With his words addressed to John, Jesus invites all Christians to welcome Mary into their lives. He wants us to draw close to her with confidence. “Her power before God is such that she can obtain anything we ask for; and as our Mother she wants to grant it. And also as our Mother she knows and understands our weaknesses. She encourages us and makes excuses for us. She makes the way easy for us and, even when we think there is no possible solution, she always has one ready to offer us.”[5]


AS SOON AS MARY heard that her cousin was expecting a child, she arose and went with haste into the hill country, to a city of Judah, and she entered the house of Zechariah and greeted Elizabeth (Lk 1:39). Besides the material help that she was able to provide during those days, above all she brought Jesus and, with Him, the fullness of joy.
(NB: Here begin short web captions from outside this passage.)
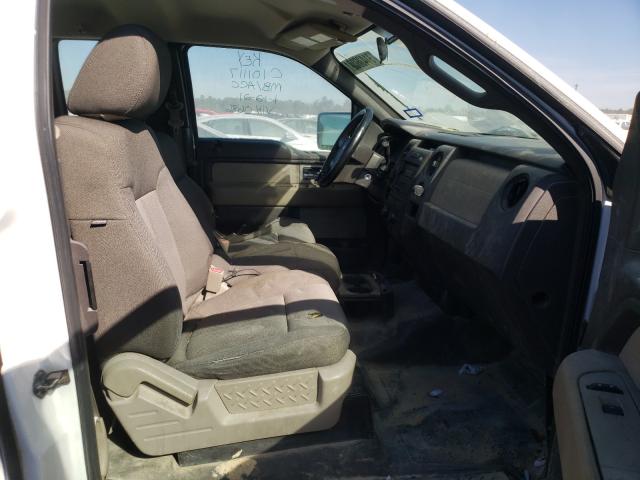 2010 FORD F150 SUPER 1FTEX1CW8AKE10686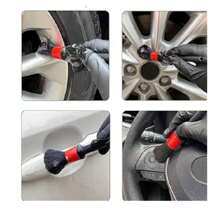 Conjunto de 20 Pinceis Escova de Limpeza Automotiva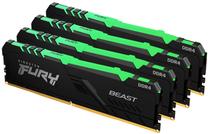 Operatyvioji atmintis (RAM) Kingston Fury Beast, DDR4, 32 GB, 2666 MHz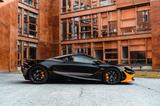 McLaren 720S PERFOR / B&W / 360 / LIFT / TITANIUM EXHAUS - McLaren 720S aus 2022
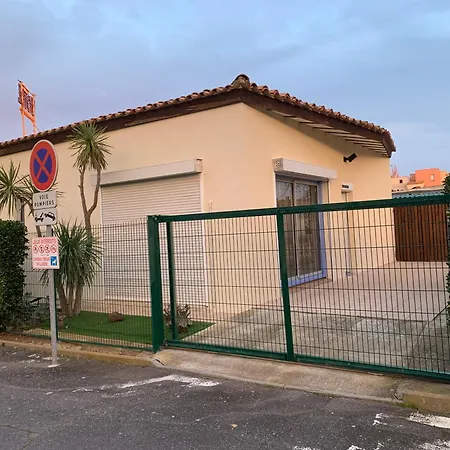 Nyaraló Maison Le Jean Bart Agde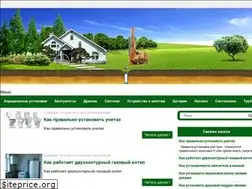 Sites similar to vse-o-kanalizacii.ru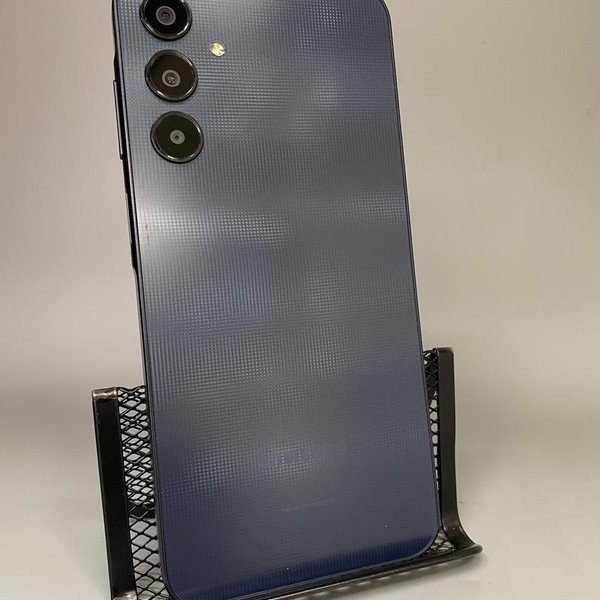 Samsung Galaxy A25 5G - Unlocked, Black & Blue, 128 GB, 6 GB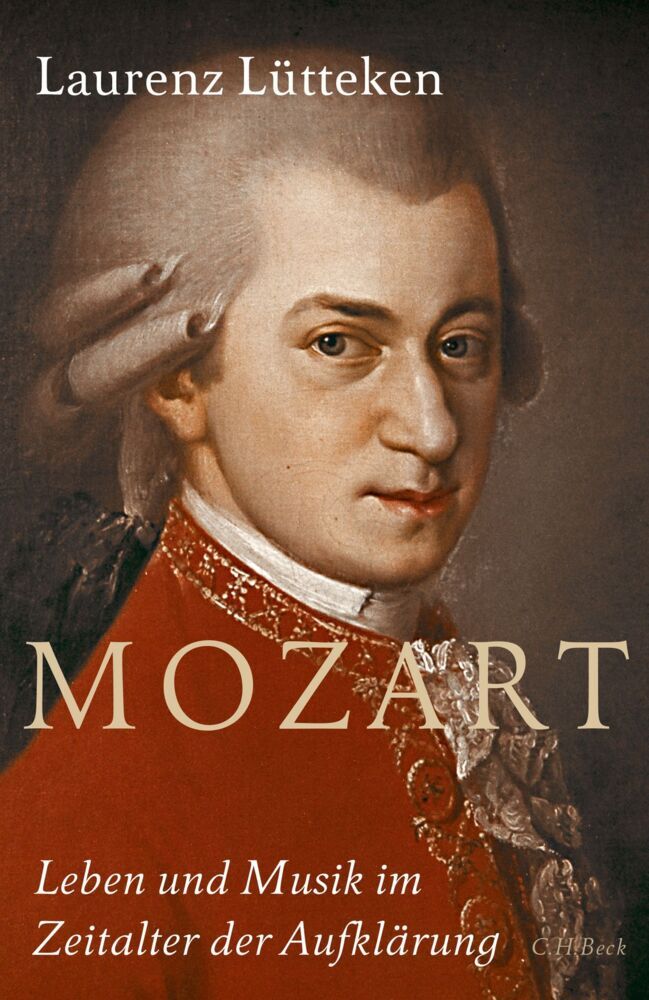 Mozart (Laurenz Lütteken)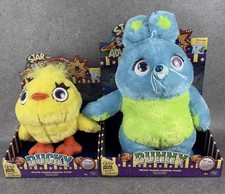 🔹Ducky & Bunny Toy Story 4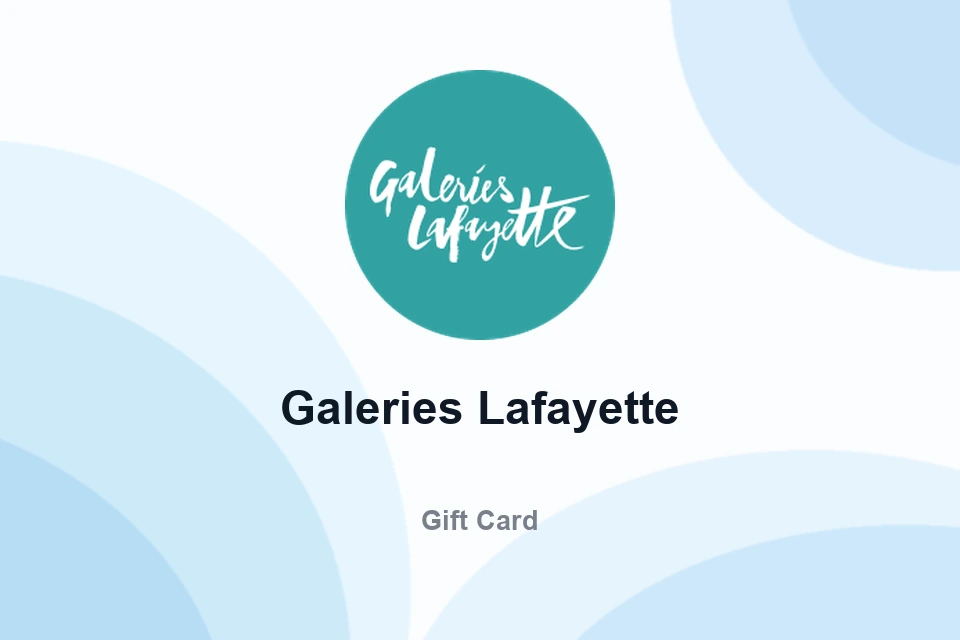 Galeries Lafayette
Both Elizabeth and Zechariah would have been joyful due to the pregnancy they had thought impossible. But it is Mary who makes present the complete joy that is born from the encounter with Jesus and the Holy Spirit.

“Our Lady wants to bring the great gift of Jesus to us, to us all; and with him she brings us his love, his peace, and his joy. In this, the Church is like Mary; she has to lead everyone to Christ and his Gospel.”[6] This is the goal of the Church’s life and of that of each Christian: to bring the love of Jesus to all men and women as Mary did to Elizabeth. The Church reminds everyone that true happiness does not depend on success, wealth or pleasure, but on welcoming Christ. Only He can offer us the deepest joy.

Through our effort to identify ourselves with our Lady, Jesus will be able to be born, through grace, in the souls of the people around us. “If we imitate Mary,” the founder of Opus Dei said, “we will share in some way in her spiritual motherhood. And all this silently, like our Lady; without being noticed, almost without words, through the true and genuine witness of our lives as Christians, and the generosity of ceaselessly repeating her fiat, which we renew as an intimate link between ourselves and God.”[7]

[1] Saint John Paul II, Redemptoris Mater, no. 24.

[2] Benedict XVI, Regina Caeli, 9 May 2010.

[3] Saint Josemaría, The Forge, no. 632.

[4] Francis, General Audience, 23 October 2013.

[5] Saint Josemaría, Friends of God, no. 292.

[6] Francis, General Audience, 23 October 2013.

[7] Saint Josemaría, Friends of God, no. 281.